I have a greenplum database instance running on docker. There is very little data in the tables+indexes (approx. 550 MB). I checked the size of all tables using the query below:
SELECT *, pg_size_pretty(total_bytes) AS total
, pg_size_pretty(index_bytes) AS INDEX
, pg_size_pretty(toast_bytes) AS toast
, pg_size_pretty(table_bytes) AS TABLE
FROM (
SELECT *, total_bytes-index_bytes-COALESCE(toast_bytes,0) AS table_bytes FROM (
SELECT c.oid,nspname AS table_schema, relname AS TABLE_NAME
, c.reltuples AS row_estimate
, pg_total_relation_size(c.oid) AS total_bytes
, pg_total_relation_size(c.oid) - pg_relation_size(c.oid) AS index_bytes
, pg_total_relation_size(reltoastrelid) AS toast_bytes
FROM pg_class c
LEFT JOIN pg_namespace n ON n.oid = c.relnamespace
WHERE relkind = 'r'
) a
) a
order by total_bytes desc
The docker image is 4.7 GB. So approximate usage for this greenplum docker image should be (4.7 + 0.5 ) = 5.2 GB
. But, the docker container consumes 13GB disk space.

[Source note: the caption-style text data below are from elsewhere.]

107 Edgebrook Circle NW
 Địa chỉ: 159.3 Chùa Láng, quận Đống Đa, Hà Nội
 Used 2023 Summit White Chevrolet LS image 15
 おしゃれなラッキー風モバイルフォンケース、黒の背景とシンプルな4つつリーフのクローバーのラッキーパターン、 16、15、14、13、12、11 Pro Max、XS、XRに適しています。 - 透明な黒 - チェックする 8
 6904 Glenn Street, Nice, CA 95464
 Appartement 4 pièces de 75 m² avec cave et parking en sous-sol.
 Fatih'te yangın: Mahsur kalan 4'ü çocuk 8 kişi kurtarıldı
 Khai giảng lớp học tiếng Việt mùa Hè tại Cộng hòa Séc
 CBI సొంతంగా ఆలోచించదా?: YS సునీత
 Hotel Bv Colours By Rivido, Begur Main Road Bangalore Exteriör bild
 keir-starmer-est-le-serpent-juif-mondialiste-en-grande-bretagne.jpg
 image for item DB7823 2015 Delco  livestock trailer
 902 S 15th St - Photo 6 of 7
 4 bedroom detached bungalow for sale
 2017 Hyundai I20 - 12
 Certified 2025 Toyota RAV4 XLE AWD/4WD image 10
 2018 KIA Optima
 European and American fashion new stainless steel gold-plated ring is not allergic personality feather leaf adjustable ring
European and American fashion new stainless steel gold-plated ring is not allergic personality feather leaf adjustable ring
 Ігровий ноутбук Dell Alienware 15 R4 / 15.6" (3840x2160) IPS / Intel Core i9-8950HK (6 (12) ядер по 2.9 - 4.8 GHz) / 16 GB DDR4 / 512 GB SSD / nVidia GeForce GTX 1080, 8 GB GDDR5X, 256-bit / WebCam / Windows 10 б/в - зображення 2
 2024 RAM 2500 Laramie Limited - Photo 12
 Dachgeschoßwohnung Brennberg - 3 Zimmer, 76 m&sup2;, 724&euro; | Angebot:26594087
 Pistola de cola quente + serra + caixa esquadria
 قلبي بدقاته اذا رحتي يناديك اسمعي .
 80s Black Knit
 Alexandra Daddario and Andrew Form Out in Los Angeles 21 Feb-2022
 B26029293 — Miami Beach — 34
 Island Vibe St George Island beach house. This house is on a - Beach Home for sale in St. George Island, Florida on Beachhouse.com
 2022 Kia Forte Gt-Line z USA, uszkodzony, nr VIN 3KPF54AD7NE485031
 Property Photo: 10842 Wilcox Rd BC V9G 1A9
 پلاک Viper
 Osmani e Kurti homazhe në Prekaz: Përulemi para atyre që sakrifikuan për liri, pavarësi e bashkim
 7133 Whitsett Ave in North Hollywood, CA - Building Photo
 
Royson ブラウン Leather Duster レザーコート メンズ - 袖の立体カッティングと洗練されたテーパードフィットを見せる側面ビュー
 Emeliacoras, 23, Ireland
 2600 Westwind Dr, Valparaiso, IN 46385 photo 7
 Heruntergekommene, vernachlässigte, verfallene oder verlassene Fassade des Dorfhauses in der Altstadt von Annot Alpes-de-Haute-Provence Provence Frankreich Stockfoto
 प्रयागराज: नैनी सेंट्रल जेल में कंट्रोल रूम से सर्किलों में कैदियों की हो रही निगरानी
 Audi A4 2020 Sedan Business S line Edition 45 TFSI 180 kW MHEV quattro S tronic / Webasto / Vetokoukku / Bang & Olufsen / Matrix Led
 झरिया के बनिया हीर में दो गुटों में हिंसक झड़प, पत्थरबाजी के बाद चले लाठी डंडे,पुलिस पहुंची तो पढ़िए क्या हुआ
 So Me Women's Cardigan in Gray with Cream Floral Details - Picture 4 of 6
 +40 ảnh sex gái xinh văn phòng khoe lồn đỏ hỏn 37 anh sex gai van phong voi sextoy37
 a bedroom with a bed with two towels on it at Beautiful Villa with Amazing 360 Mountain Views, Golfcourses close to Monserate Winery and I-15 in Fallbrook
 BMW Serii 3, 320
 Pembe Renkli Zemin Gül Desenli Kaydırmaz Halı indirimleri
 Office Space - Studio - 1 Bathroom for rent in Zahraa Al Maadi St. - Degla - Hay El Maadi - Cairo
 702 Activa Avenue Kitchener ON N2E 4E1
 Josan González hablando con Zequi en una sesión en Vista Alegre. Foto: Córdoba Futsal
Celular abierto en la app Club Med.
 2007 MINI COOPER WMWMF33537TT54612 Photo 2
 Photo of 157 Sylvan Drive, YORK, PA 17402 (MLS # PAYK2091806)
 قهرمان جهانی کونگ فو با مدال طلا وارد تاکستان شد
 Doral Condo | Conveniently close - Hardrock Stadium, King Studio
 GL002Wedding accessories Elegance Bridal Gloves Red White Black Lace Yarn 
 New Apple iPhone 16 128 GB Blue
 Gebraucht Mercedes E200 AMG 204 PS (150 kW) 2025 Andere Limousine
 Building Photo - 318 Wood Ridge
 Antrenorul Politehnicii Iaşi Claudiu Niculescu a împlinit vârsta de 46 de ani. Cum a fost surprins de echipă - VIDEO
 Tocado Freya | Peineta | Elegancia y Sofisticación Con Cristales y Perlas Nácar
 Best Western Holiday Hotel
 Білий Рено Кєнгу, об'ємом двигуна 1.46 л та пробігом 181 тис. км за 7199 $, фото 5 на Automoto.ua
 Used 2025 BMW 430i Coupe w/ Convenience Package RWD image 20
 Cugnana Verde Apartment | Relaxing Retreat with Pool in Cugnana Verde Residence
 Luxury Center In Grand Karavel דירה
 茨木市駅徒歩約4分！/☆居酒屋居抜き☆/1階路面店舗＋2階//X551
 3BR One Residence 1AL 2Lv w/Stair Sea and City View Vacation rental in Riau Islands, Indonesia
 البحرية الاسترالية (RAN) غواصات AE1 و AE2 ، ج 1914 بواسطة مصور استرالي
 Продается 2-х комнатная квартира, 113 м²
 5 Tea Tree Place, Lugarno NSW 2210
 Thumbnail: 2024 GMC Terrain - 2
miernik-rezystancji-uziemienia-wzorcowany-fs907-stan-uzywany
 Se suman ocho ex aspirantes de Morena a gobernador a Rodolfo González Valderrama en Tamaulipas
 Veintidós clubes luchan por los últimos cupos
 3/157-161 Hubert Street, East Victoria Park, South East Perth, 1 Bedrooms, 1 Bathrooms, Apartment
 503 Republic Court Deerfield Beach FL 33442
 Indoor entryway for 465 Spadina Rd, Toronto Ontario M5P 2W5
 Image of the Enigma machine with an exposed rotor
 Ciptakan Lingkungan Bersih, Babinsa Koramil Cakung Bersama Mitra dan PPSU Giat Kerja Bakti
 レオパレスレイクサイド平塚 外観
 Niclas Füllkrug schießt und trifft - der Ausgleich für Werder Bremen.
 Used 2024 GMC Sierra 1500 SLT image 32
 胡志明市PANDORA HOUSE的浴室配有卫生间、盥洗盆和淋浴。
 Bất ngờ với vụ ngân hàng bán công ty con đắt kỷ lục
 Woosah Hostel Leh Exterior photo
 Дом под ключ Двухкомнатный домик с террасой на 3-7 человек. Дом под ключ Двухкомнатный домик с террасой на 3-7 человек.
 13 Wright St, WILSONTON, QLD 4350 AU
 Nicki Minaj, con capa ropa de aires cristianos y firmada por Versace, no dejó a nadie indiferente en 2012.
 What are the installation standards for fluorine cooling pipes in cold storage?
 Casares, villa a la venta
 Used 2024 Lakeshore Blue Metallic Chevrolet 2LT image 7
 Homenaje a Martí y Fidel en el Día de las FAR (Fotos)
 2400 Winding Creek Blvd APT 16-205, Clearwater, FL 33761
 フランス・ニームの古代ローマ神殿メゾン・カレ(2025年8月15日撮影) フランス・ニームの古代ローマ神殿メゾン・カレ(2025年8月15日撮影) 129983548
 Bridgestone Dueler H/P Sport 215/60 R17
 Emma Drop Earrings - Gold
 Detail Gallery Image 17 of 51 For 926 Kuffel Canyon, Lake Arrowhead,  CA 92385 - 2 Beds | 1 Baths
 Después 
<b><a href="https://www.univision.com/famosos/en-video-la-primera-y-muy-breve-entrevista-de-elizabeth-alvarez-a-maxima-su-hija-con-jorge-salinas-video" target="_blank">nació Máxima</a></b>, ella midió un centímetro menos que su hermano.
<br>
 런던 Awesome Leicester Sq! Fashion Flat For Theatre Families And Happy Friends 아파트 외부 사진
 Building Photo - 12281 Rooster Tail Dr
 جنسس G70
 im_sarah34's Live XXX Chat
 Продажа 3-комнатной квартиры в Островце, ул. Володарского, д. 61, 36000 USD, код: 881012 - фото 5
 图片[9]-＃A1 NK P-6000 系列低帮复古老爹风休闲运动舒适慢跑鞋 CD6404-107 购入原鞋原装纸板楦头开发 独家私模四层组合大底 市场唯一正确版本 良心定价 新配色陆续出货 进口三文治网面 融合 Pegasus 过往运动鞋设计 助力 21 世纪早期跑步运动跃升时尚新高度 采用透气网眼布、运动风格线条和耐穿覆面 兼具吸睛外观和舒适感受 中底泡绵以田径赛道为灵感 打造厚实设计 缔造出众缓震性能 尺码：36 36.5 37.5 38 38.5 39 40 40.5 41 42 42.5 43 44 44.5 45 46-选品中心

The disk usage is as below:
[gpadmin@mdw ~]$ df -h
Filesystem Size Used Avail Use% Mounted on
overlay 17G 13G 4.7G 73% /
tmpfs 2.0G 0 2.0G 0% /dev
tmpfs 2.0G 0 2.0G 0% /sys/fs/cgroup
/dev/mapper/centos_greenplum01-root 17G 13G 4.7G 73% /etc/hosts
shm 64M 0 64M 0% /dev/shm
tmpfs 2.0G 0 2.0G 0% /proc/acpi
tmpfs 2.0G 0 2.0G 0% /proc/scsi
tmpfs 2.0G 0 2.0G 0% /sys/firmware
The host machine and docker are both CentOS.
As part of testing my application, I stop/start the docker container multiple times through the day.
Debug steps to identify if the root cause was docker or greenplum.
Login to docker:
cd /
df -schk *
Iteratively check the largest directories:
The cause for the issue is huge log files in /data/primary/gpseg1/pg_log
.
I removed all logs older than 2 days.